Overview

Mesoamerican manuscripts embody a wide range of qualities and formats, including pictorial manuscripts, screenfold and roll tira, and lienzos. Due to colonial violence, there are few surviving manuscripts from the pre-contact (pre-Columbian) period. However, a substantial number of manuscript objects made after this period share similarities with these early traditions; these include land maps, legal documents, catechisms, and accounts of the Spanish invasion, written and painted on paper, amatl (bark paper), animal skins, and other  sheet materials. Many post-contact manuscripts act as spaces for settler colonial and Indigenous encounters, shedding light on these histories that are both separate and shared.
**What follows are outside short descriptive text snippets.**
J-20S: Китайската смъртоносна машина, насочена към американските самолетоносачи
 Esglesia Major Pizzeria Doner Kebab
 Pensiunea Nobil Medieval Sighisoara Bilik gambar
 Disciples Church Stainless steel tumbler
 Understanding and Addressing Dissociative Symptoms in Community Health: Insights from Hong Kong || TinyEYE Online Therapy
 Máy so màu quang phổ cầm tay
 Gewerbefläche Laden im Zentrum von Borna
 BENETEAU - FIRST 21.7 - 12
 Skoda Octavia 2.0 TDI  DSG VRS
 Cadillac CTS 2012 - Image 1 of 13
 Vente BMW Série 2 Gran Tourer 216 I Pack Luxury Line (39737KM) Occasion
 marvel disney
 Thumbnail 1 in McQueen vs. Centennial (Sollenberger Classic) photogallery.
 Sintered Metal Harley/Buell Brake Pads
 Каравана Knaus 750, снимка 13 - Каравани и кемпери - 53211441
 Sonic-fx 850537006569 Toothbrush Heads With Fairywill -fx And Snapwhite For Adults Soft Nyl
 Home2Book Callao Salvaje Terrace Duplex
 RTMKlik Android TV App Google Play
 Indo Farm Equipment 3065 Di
Current project activities support work, led by David Fernández (University of Toronto Libraries), focus on a post-contact codex, Axoloapan Xoloctlan, a land grant manuscript from Tecámac, Mexico (1690-1720) in the collection of the Thomas Fisher Rare Book Library, Toronto. The codex is a Techialoyan manuscript in Nahuatl, on amatl, documenting land ownership by Indigenous caretakers and owners of land in Mexico. These Techialoyan documents were used to assert land claims in court against the Spanish, who were attempting to reestablish land boundaries and take Indigenous lands in the 17th and 18th centuries. Fibre analysis, among other tools, can help us better understand the materials and processes used to create the codex.

In 2025, a workshop — "Understanding Colour in a Techialoyan Codex” — brought together conservators and researchers who are studying the use of pigment in Nahua manuscripts. The Fisher library included the codex in the library's 70 Rare Books, Special Collections, Archives exhibit.